Il progetto di ricerca “Scuola e formazione professionale tra gli emigrati italiani in Svizzera: percorsi di integrazione sociale”, sviluppato da Paolo Barcella (dottore in storia e collaboratore scientifico della nostra Fondazione) grazie agli assegni triennali dell’Università di Bergamo, si è concluso con la pubblicazione del volume Migranti in classe. Gli italiani in Svizzera tra scuola e formazione professionale, Ombre Corte, Verona, 2014. Nel corso della ricerca sono stati consultati alcuni archivi della Fondazione Pellegrini Canevascini e adoperati diversi documenti lì conservati. Qui di seguito una breve sintesi del volume:

La crescente presenza dei figli dei migranti nelle scuole italiane ha aperto in anni recenti un dibattito sulle opportunità e i modi della loro
integrazione nel nostro sistema scolastico, talvolta alimentando nella popolazione i conflitti, le reazioni e i sentimenti xenofobi, presto strumentalizzati da varie forze politiche. Molti analisti e polemisti hanno sviluppato le proprie teorie e proposto soluzioni senza tenere in considerazione i precedenti storici che avrebbero aiutato a far luce sulla questione. In particolare, tra gli anni Cinquanta e gli anni Settanta, centinaia di migliaia di figli di emigranti dai paesi dell’Europa meridionale posero per la prima volta il problema dell’inserimento di massa di bambini stranieri nelle scuole pubbliche francesi, britanniche, svizzere e tedesche. Questi paesi reagirono in modi diversi, andando alla ricerca di politiche scolastiche rivolte ai migranti che fossero coerenti con le loro politiche migratorie.

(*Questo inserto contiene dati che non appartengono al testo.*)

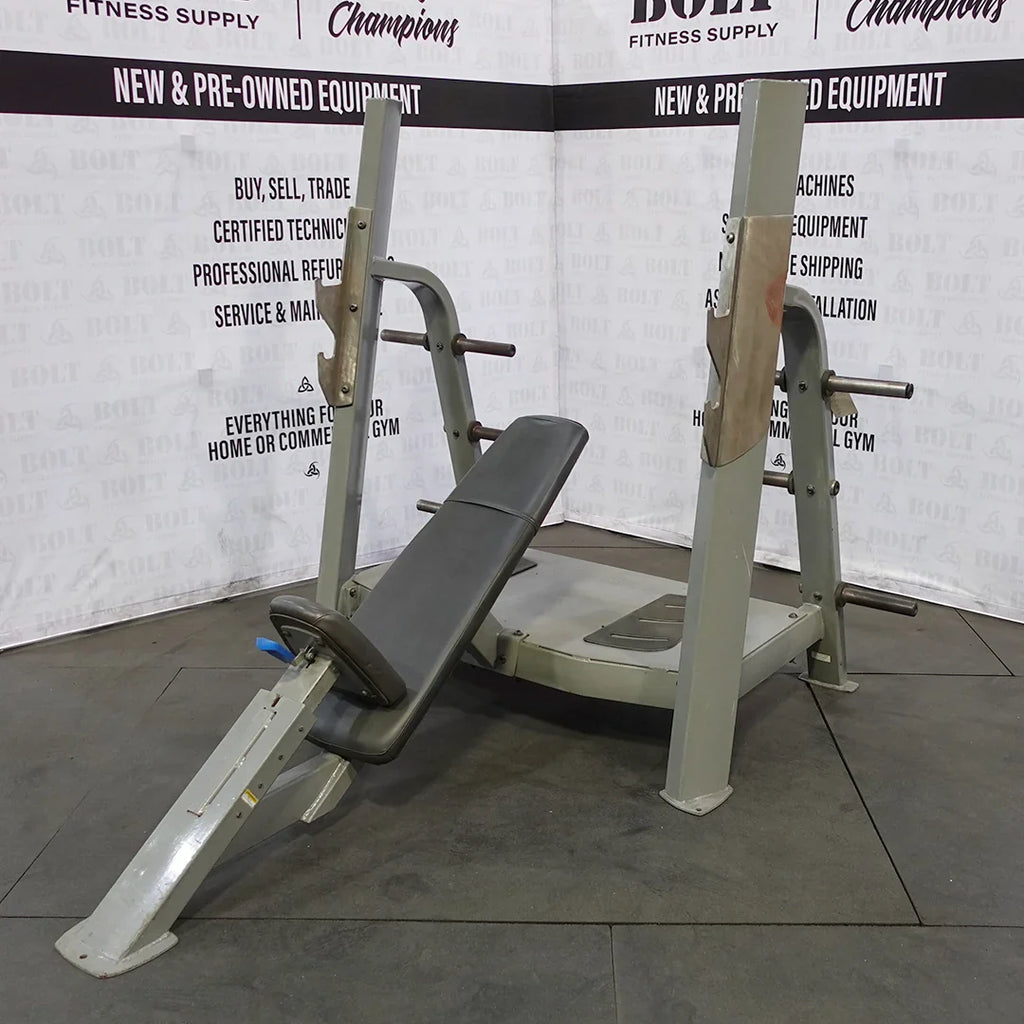 Unknown | Olympic Incline Press - Silver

Lo studio di Paolo Barcella ricostruisce i termini del dibattito, concentrando l’attenzione sul caso svizzero e sui migranti italiani e mostrando come la questione del loro inserimento nelle scuole e nei corsi di formazione professionale dipendesse da diversi fattori: innanzitutto, dal modo in cui gli stati intervenivano con le loro politiche; in secondo luogo, dalla posizione nel mercato del lavoro che i migranti avevano e a cui i loro figli potevano ambire; infine, dal ruolo svolto dalle associazioni sindacali, di tutela e di autotutela dei migranti.